Prayer beads are a form of beadwork used to count the repetitions of prayers, chants, or mantras by members of various religions such as Hinduism, Buddhism, Shinto, Umbanda, Islam, Sikhism, the Baháʼí Faith, and some Christian denominations, such as the Roman Catholic Church, the Lutheran Church, the Oriental Orthodox Churches, and the Eastern Orthodox Churches. Common forms of beaded devotion include the mequteria in Oriental Orthodox Christianity, the chotki in Eastern Orthodox Christianity, the Wreath of Christ in Lutheran Christianity, the Dominican rosary of the Blessed Virgin Mary in Roman Catholic Christianity, the dhikr (remembrance of God) in Islam, the japamala in Buddhism and Hinduism, and the Jaap Sahib in Sikhism.

Origins and etymology 
Beads are among the earliest human ornaments and ostrich shell beads in Africa date to 10,000 BC. Over the centuries various cultures have made beads from a variety of material from stone and shells to clay.

The English word bead derives from the Old English noun bede which means a prayer. The oldest image of a string of beads in a religious context and resembling a string of prayer beads is found on the fresco of the "Adorants" (or "Worshipers") at the Xeste 3 building of the prehistoric settlement of Akrotiri, Santorini (Thera,) Greece (Wall Paintings of Thera.) dating from the 17th c. BC (c. 1613 BC.)  It was used in Hindu Prayers and meditation Hindu prayers in India. Buddhism later on adopted this custom. As the Ancient Hindus migrated towards West Asia this practice was carried to many parts of the world and became a part of different religions. The statue of a Hindu holy man with beads dates to the third century BC.

Structure 

The number of beads varies by religion or use. Islamic prayer beads, called Misbaha or Tasbih, usually have 100 beads (99 +1 = 100 beads in total or 33 beads read thrice and +1). Buddhists and Hindus use the Japa Mala, which usually has 108 beads, or 27 which are counted four times. Baháʼí prayer beads consist of either 95 beads or 19 beads, which are strung with the addition of five beads below. The Sikh Mala also has 108 beads.

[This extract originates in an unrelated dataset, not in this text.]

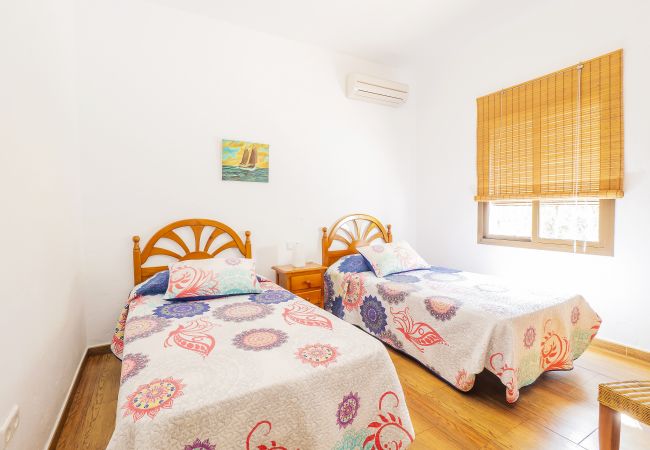 Children's bedroom of this farm in Alhaurín el Grande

The oldest set of prayer beads in Western Christianity, the Pater Noster cord, traditionally contains 150 beads for the 150 Psalms in the Bible, though Pater Noster cords of 50 beads have been made that are prayed through thrice. Roman Catholics came to use the Rosary (Latin "rosarium", meaning "rose garden") with 59 beads. The Oriental Orthodox mequteria, chiefly used by Coptic Orthodox Christians and Ethiopian Orthodox Christians, contains 41 beads for praying the Kyrie Eleison said during the 41 metanoias (prostrations) in each of the Christian seven fixed prayer times (cf. Agpeya breviary). Eastern Orthodox Christians use a knotted prayer rope called either a komboskini or chotki, with 100 knots, although prayer ropes with 50 or 33 knots can also be used. The Lutheran Wreath of Christ contains 18 beads. In the 1980s Rev. Lynn Bauman from the Protestant Episcopal Church in the United States of America introduced Anglican prayer beads with 33 beads.

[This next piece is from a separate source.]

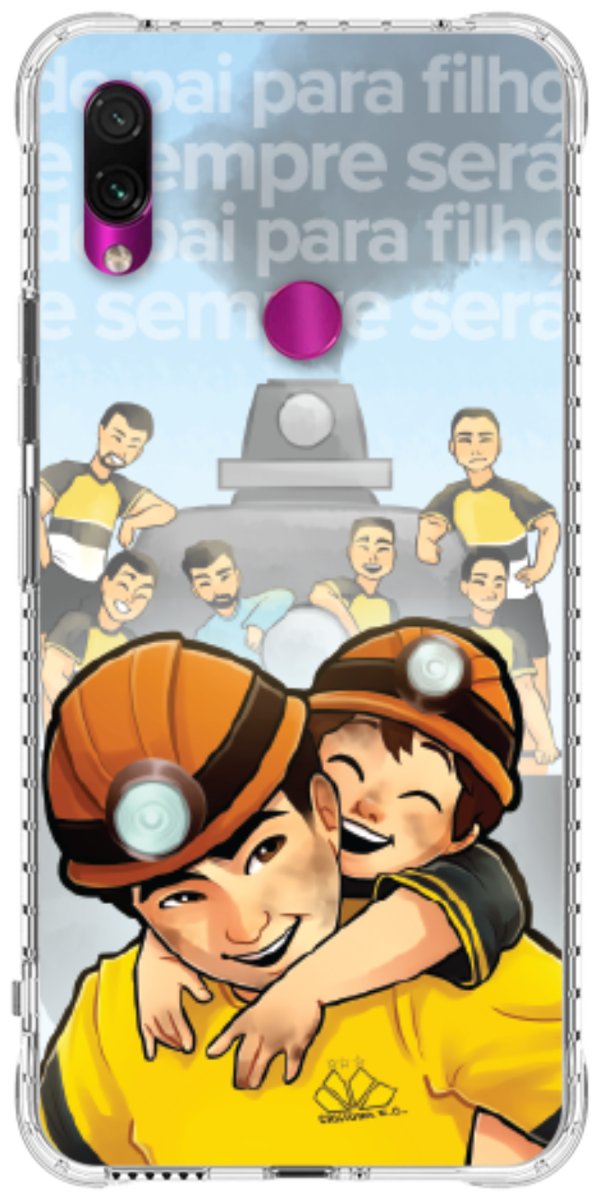 Capinha para Celular Criciúma Estampa Oficial 16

The Greek "komboloi" (which are worry beads and have no religious purpose) has an odd number of beads—usually one more than a multiple of four, e.g. (4x4)+1, (5x4)+1.

Use 
Since the beads are fingered in an automatic manner, they allow the user to keep track of how many prayers have been said with a minimal amount of conscious effort, which in turn allows greater attention to the prayer itself.

Judaism 
Although the use of prayer beads grew within those religions, it did not enter Judaism, perhaps because of its association with other religions, and to date Judaism does not use prayer beads. Although not used as counting device, many Jews touch the knots on the tzitzits attached to their tallit (prayer shawl) at specific points in their prayers.

Christianity 

The Desert Fathers of the 3rd to 5th centuries, used pebbles or knotted ropes to count prayers, typically the Jesus Prayer ("Lord Jesus Christ, Son of God, have mercy on me, a sinner"). The invention is attributed to Anthony the Great or his associate Pachomius the Great in the 4th century. In Vita of Saint Paul of Thebes (227 A.D. to 342 A.D.), written by Saint Jerome (347 A.D. to 420 A.D.) it states that Saint Paul of Thebes used pebbles and knotted cord to count prayers.

Around the 8th century, Paternoster cords were used to count the 150 Psalms of the Bible, but for those who could not read, they were used to count 150 recitations of the Lord's Prayer. The Catholic Encyclopedia thus mentions strings of beads, presumably for prayer, found in the tombs of Saint Gertrude of Nivelles (7th century) and Saint Norbert and Saint Rosalia (12th century). A more explicit reference is that in 1125 William of Malmesbury mentioned a string of gems that Lady Godiva used to count prayers. The oldest prayer beads to be found in Britain were discovered by archaeologists on Lindisfarne in 2022: made of salmon vertebrae, they date from the 8th or 9th century.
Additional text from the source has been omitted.